First principles investigations in the carbon silicon system of novel tetragonal C8 (diamond) and Si8 allotropes and binary Si4C4 phase

TL;DR

This paper uses density functional theory to propose and analyze novel tetragonal allotropes of carbon, silicon, and silicon carbide, revealing their structures, stability, and electronic properties.

Contribution

It introduces new tetragonal C8, Si8, and Si4C4 phases with detailed structural, stability, and electronic analyses, expanding the understanding of these materials.

Findings

C8 is an ultra-hard allotrope similar to diamond.

Si8 is softer with a Vickers hardness of 13 GPa.

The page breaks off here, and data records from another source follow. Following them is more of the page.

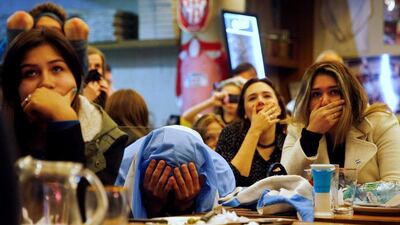 Argentina fans in Buenos Aires react after watching their team lose the 2016 Copa America Centenario final against Chile. Marcos Brindicci / Reuters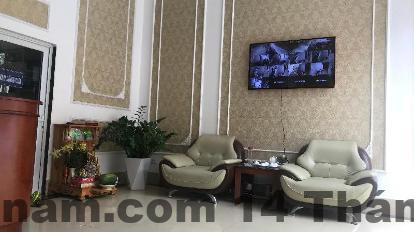 Phòng ngủ Hana Hotel với nội thất đơn giản, tông màu trung tính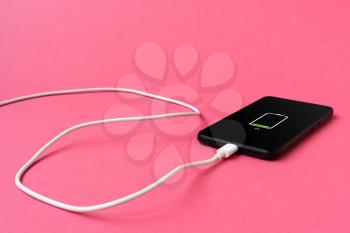Black mobile smart phone with a charger on pink background
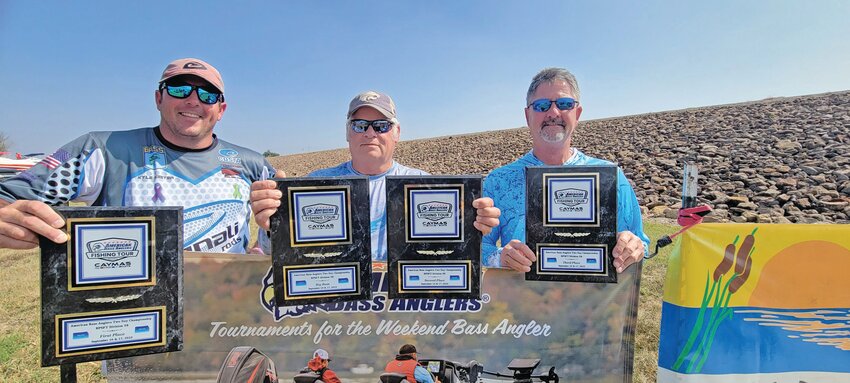 Kyle Kiister, John Vanderpool and Mike Butcher (left to right) won the top prizes last weekend at the District 58 Championship on Big Hill Lake.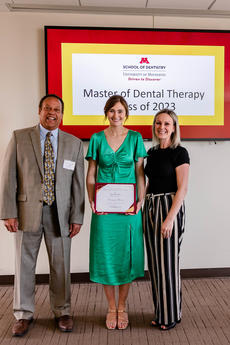 Karl Self, Rosemary Skriver, and Jenna Johnson pose with Skriver's award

Si4C4 is a stable silicon carbide phase with 33 GPa hardness.

Abstract

Novel extended networks of C8, Si8 and silicon carbide Si4C4 are proposed based on crystal chemistry rationale and optimized structures to ground state energies and derived physical properties within the density functional theory (DFT). The two carbon and silicon allotropes and the silicon carbide belong to primitive tetragonal space group P-4m2 Number 115. C8 allotrope structure made of corner sharing C4 and Si4 tetrahedra is illustrated by charge density projections exhibiting sp3 like carbon hybridization. From careful symmetry analysis, Symmetry analysis of C8 indicated that it is another representation of cubic diamond, space group F-d3m Number 227. C8 is identified as ultra-hard with a similar magnitude of Vickers hardness. The interest in C8 is to serve as template to study Si8 and Si-C binary. Si8 allotrope is found soft with HV =13 GPa alike cubic Si, and Si4C4 is identified with HV =33 GPa close to experimental SiC. All three new phases are mechanically (elastic constants) and dynamically (phonons) stable, and their electronic band structures are characteristic of insulating C8 (diamond) with large band gaps of about 5 eV, and semi-conducting Si8 and Si4C4 with band gaps of about 1 eV.